Emily St. John Mandel
In Station Eleven, famed actor Arthur Leader suffers a fatal heart attack while performing the lead role in King Lear as eight-year-old Kirsten Raymonde and two other young girls with non-speaking parts watch with horror. The same night, a virulent flu with a near 99% mortality rate begins its insidious spread.
Twenty years after the “Collapse” caused by the flu and its aftermath, Kirsten survives as a member of the Traveling Symphony, a group of twenty or so musicians and actors who travel in a general loop around Lake Huron stopping at settlements to provide entertainment in exchange for provisions.
As Mandel unspools the narrative of the Symphony, she intersperses flashbacks that trace Arthur’s life before the “Collapse.” The two accounts weave together in surprising and satisfying ways. Mandel’s prose is effortless and lovely—Station Eleven is a book in which I’ve highlighted numerous passages.
I most enjoyed the storyline dealing with the Symphony.

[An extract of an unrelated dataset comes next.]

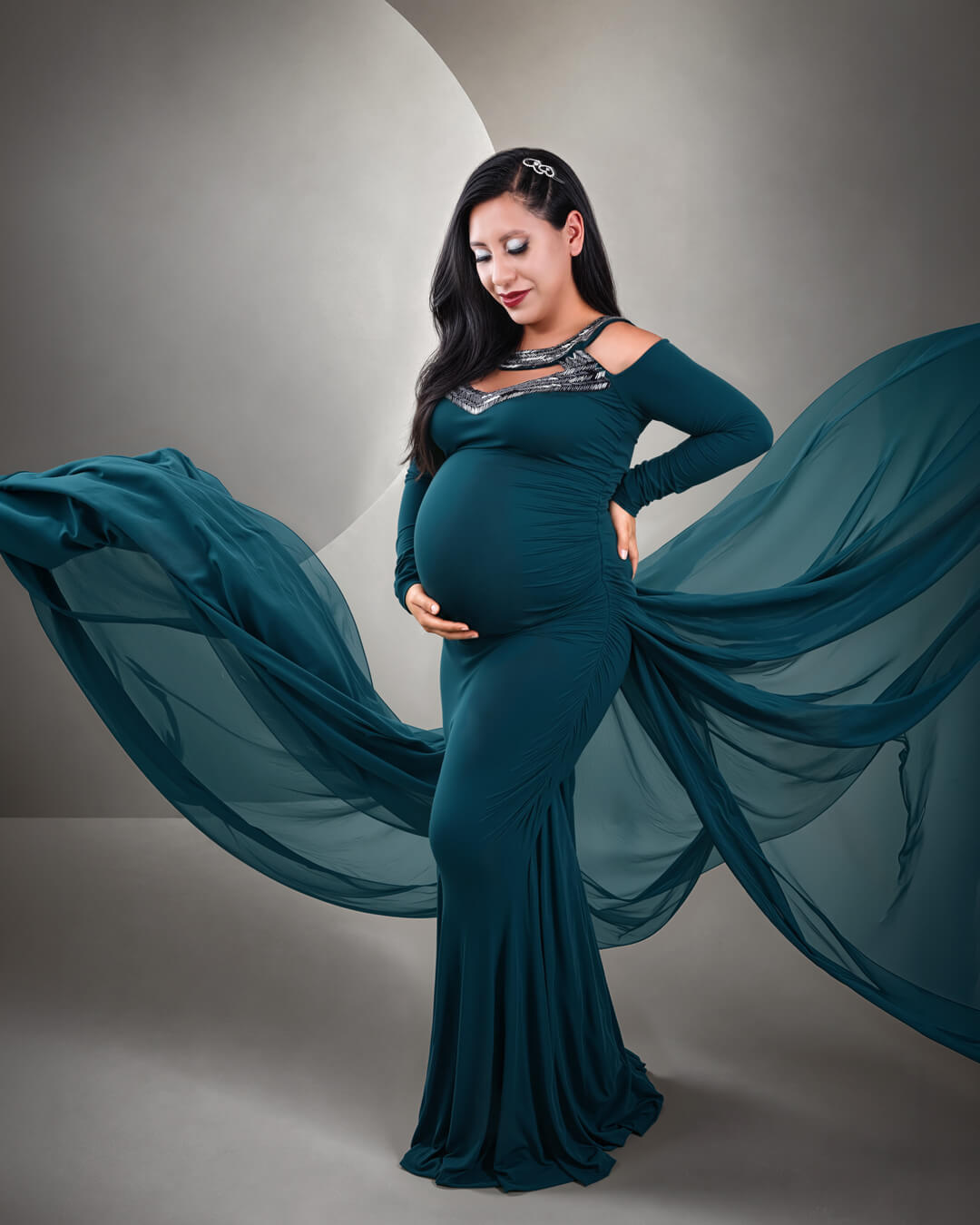Fotografía de embarazo en Cochabamba de una mujer embarazada posando con un elegante vestido negro largo y tela fluida. Sesión de maternidad y fotografía de composición en Cochabamba, Bolivia.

Kirsten has a motto from Star Trek: Voyager tattooed on her arm: “survival is insufficient.” Set twenty years after the Collapse, the characters aren’t (always) struggling with immediate survival and can consider the role of art in the post-flu world.
Memory, too, is debated. Some people (and settlements) are interested in maintaining a record of pre-Collapse civilization, while others have a taboo against speaking of years before the illness.
Against the inventive setting of the post-Collapse milieu, Arthur’s story wasn’t quite as interesting to me. He seemed like a stereotypical wealthy, egotistical adulterer, although his friends and wives livened his storyline.
Station Eleven should be on the reading list of anyone who enjoys dystopian novels, but I would also recommend it to readers who enjoy strong female characters, speculative fiction, or literary fiction.